「ジャパニメーション」はなぜ敗れるか

わかっての通り「ジャパニメーション」というのは「ジャパン」と「アニメーション」を合わさった日本アニメの造語である。漫画原作者であり、サブカルチャー評論家の大塚英志氏は日本アニメは破れていると主張している。

本書に詳しく書かれているが、まずは「東京国際アニメフェア」などのアニメの国策化をはじめ、宮崎アニメでの海外でのヒットに関する批判やアニメ産業の構造改革や、ハリウッド化など様々な事柄について批判を行っている。

「左翼」的観点からというのはちょっと語弊があるかもしれない、アニメ批判に関しては楽観・悲観的批判説いたほうが良いのではないかと私は思ったのだが。ただアニメ批判であると同時に国策化の批判が少し色濃かったので「左翼」的観点と言ってもいいかもしれない。

さて、日本はアニメの国策化に向けて積極的に動き出している。現に前述のアニメフェアなど多くのイベントが執り行われていることも事実である。しかしそれを税金で使っているのかといわれるとそれはわからない。

使っているとはいえど、それにより世界中に認知され多くの利潤があると考えればプーチン政権化で行われた資源(原油・天然ガス等)の活用による成長政策と通程するものがあるのではなかろうか。日本のアニメは技術、面白さともに世界のトップクラスを走っているのだからそれを有効活用して何が発展だ、という人もいる。私もそれには同感する。

さて、現在日本アニメ界では2つの大きな悩みを抱えているのはご存じだろうか。一つは下請け構造によるアニメーター格差の激化、そしてもう一つがアニメのハリウッド化である。まず一つ目はアニメーター格差であるがこれは日本が抱えているワーキングプアなどの所得格差はアニメーターでは深刻な問題となっている。

アニメを制作するにしてもそれを制作するに当たり2次請け、3次請けを行わなければ成り立たないというところが現実としてあげられる。私なりの考えだが、それの原因として起因しているのはアニメーション技術の向上化によるものではないだろうか。技術を向上することによってそれだけの人員と工数がかかるのは明白である。しかし、それを開発を値切ることにより、下請け・孫請け以下の企業は苦しい経営を余儀なくされるのと同時に1日中数時間以上の労働時間でもそれほどの給料しかもらえない。
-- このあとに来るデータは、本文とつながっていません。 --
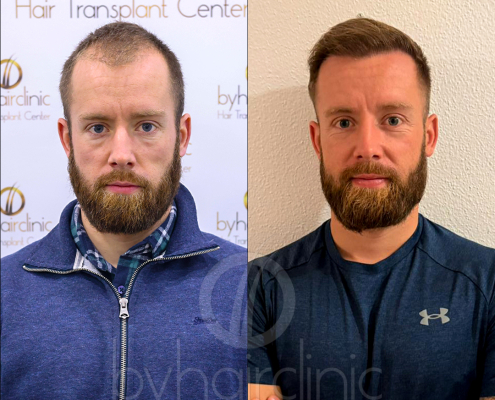 Resultado del trasplante capilar en Turquía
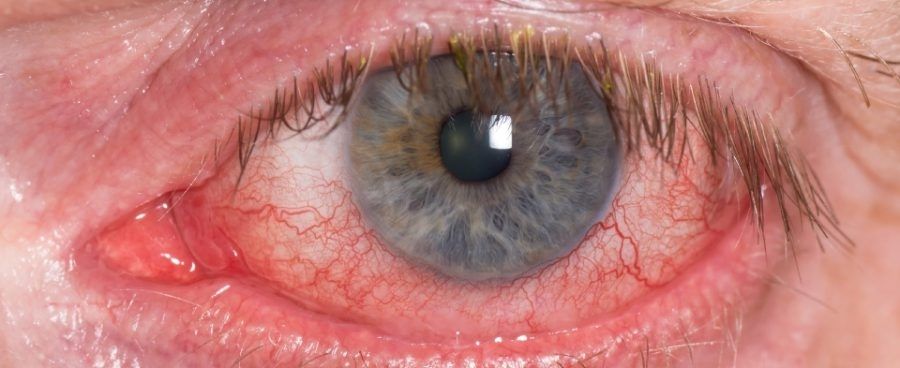 Myopia, The Silent Crisis In Children’s Vision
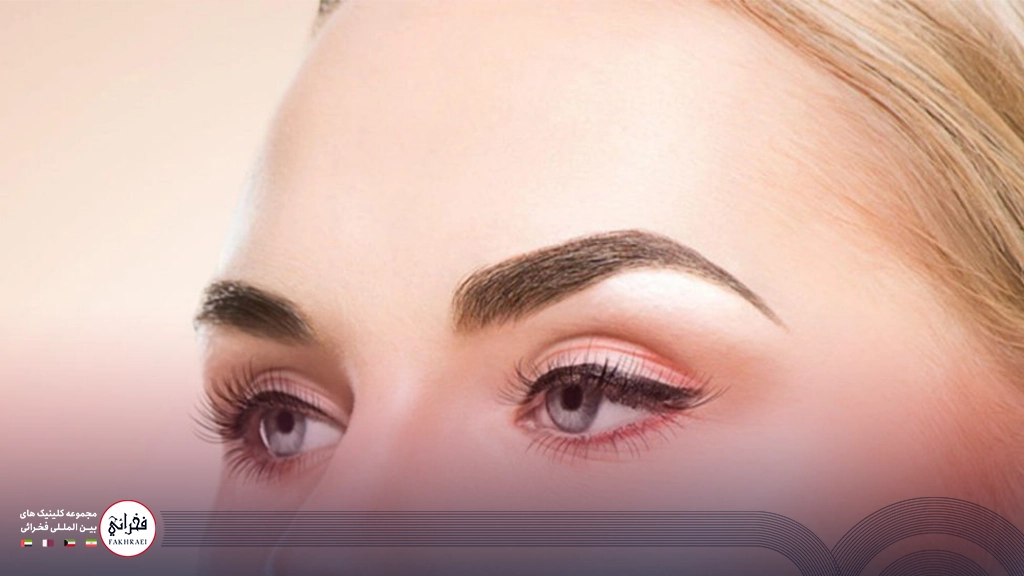 کاشت ابرو میکروگرافت-تصویر خانومی با ابرو پر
システム開発企業と似ている(そっくり?)構造である。それともう一つは深夜アニメに関すること。深夜アニメの収入源は広告収入だけではなくDVD(OVAと呼ばれる)が主な収入源となっている。本来であればあまり批判したくはないがあえて言いたいのが、最近の深夜アニメはインパクト重視の傾向にあると思う。特にパンチラや「萌え」を重視したアニメが多いように思える。

それも一つだという意見もあるようだがよく考えてほしい。現在ではCGのよさやこういったことが受けるようになっているのでその傾向も仕方のないことだが、それと反比例して内容自体がチープなものとなってしまっていることに問題がある。しかし深夜アニメは視聴者自体が少ないせいもある(というより特定視聴者向け)のも一因であるのではないか。だが内容のいい作品もあるのでその作品に対しては夕方(もしくは夜)に再放送したらどうだろうか。

2つ目についてはこれが最近多くなってきている。有名なところで言うとトランスフォーマーがハリウッド映画化された。これからハリウッドが日本のアニメに目をつけ映画化し、貴重なアニメという資源をむしばんでいく。当然その映画の制作会社が大多数のもうけを持って行き日本に流れてくるもうけはわずかなもの。どうせやるのであれば、日本で作ったアニメなのだから日本で製作すればもうけも増えるのではないだろうか(私の勝手な推測ですが…)。

著者が言う日本のサブカルチャーとしての敗北については認めざるを得ない。サブカルチャーというのは文化から逸脱した文化事象のことを言い、つまりは日本の文化の傍流にそのアニメなどのカルチャーがあることをいう。しかし世界的にも日本のアニメが認知されている今、サブカルチャーとしての定義を逸脱してしまった。

だからと言ってメインカルチャーなのかというとそうではない。だから今のアニメは「ポップ・カルチャー」なのではないかと思う。サブカルチャーでありながらそれとは逸脱した人気を誇っているのだから。だからでこそ日本のアニメ界は世界に対して売り込みをかけるべきだ。しかし今のままではそのうちアニメ業界の構造が崩れかねないということも肝に銘じておくべきであろう。